# swamplite lug removal question



## skid (Jun 18, 2009)

well i got swamplites and used to think they were ok but now i'm kinda starting to dislike them. Reason is, is that they seem to have to much tread on them, so what i was wondering is if anyone has cut every other side lug off of them, inside and out, and how they cut the lugs off. I'm thinking it'll make the tire a bit more agressive, maybe. I guess if it doesn't work it'll give me a good excuse to tell the wife i need laws.


----------



## Polaris425 (Dec 16, 2004)

Hot knife, grinder, cutting wheel, dremmel. Lol.


----------



## killer666 (May 29, 2011)

a local tire shop might have a tire cutter. its kinda like a finger help iron that gets real hot and melts the lugs off real fast.


----------



## LM83 (Jul 23, 2010)

I cut my 29.5s. I just used an air powered sawsall. Made a huge difference.


----------



## LM83 (Jul 23, 2010)

if u look closely u can see every other lug removed.


----------



## filthyredneck (Feb 10, 2010)

LM83 said:


> I cut my 29.5s. I just used an air powered sawsall. Made a huge difference.
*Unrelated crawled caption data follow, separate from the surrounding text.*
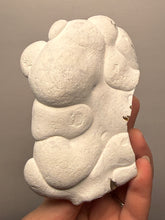 Load image into Gallery viewer, Chichaoua Menalite “Fairy Stone” Concretion | Natural Collector Display Specimen | Morocco
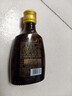 劲牌 参茸劲酒 38度 500ml 单瓶装 养生酒 自饮 送礼 实拍图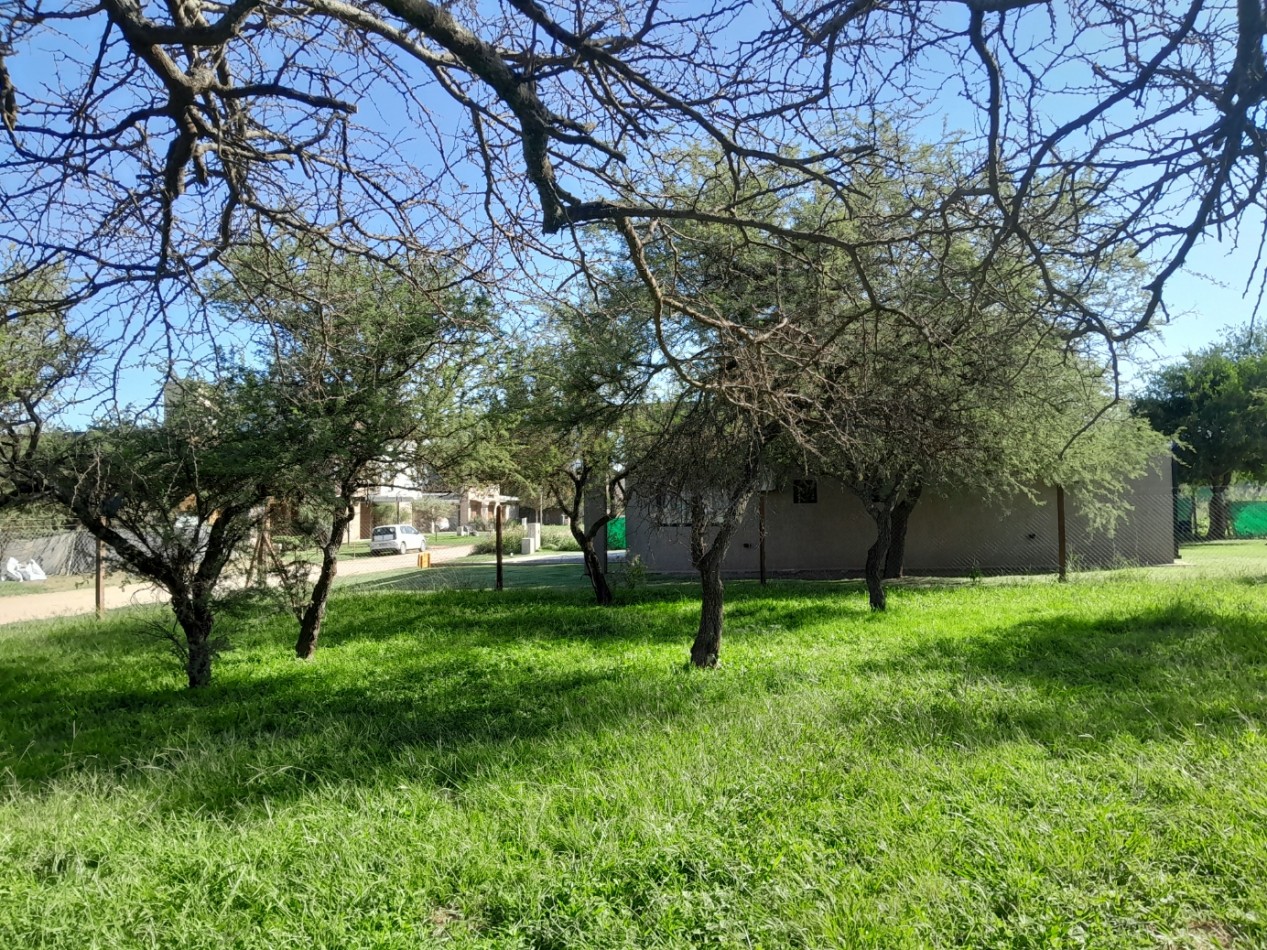 VENDO LOTE 700 m² - BELA VISTA - RIO CEBALLOS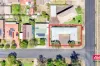 1-6/130 Palmer Street, Dubbo, NSW 2830-Image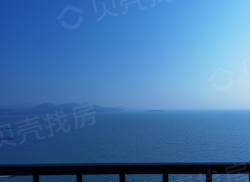 整租·维港湾花园 4室2厅 东南_维港湾花园租房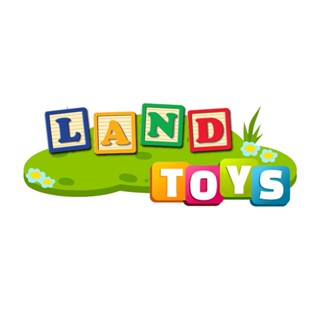 Toys Land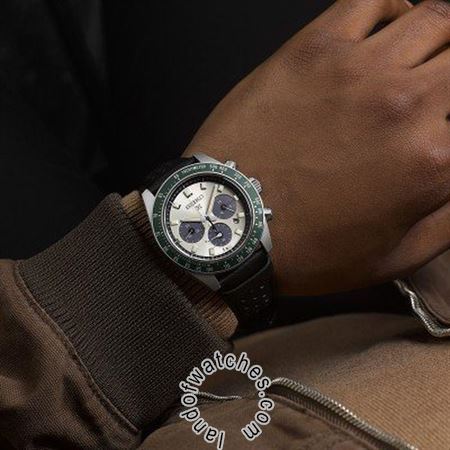 Buy Men's SEIKO SSC943P1 Sport Watches | Original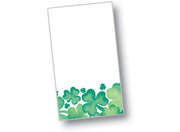 St. Patrick's Day Dinner Napkin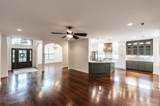 1012 Broughton Pl - Photo 10
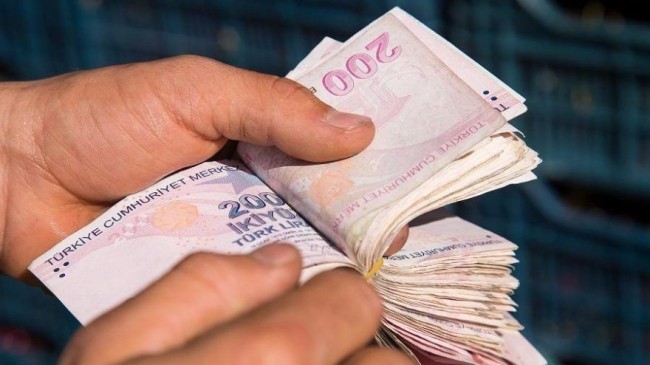 Borç Para Veren Vakıflar (Tam Liste)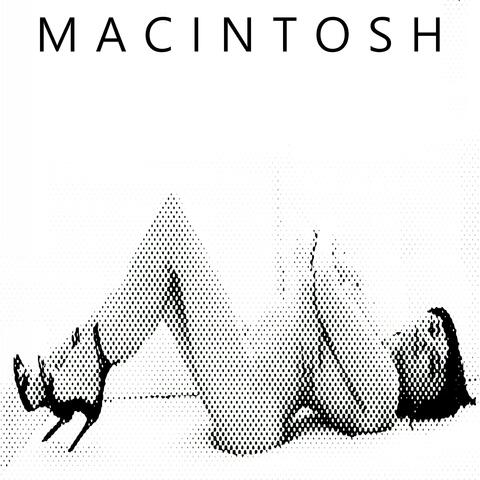 Project Monarch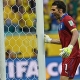 La Italia m�s goleada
I seen these in person....looked pretty cool and seemed like they pulled pretty good too.


----------



## skid (Jun 18, 2009)

LM83, i like the sawsall idea, I'll have to give that a shot, good to know that it made that big of a difference. Thanks for all the feed back.


----------



## LM83 (Jul 23, 2010)

skid said:


> LM83, i like the sawsall idea, I'll have to give that a shot, good to know that it made that big of a difference. Thanks for all the feed back.


A lil tip, take a pair of pliers and pull back on the lug while your cutting them. They come off 10x easier. Get ready though, you lose all the smoothness of the ride after u cut them. Kinda like riding on a back. They will look a lot like black mambas when your done.


----------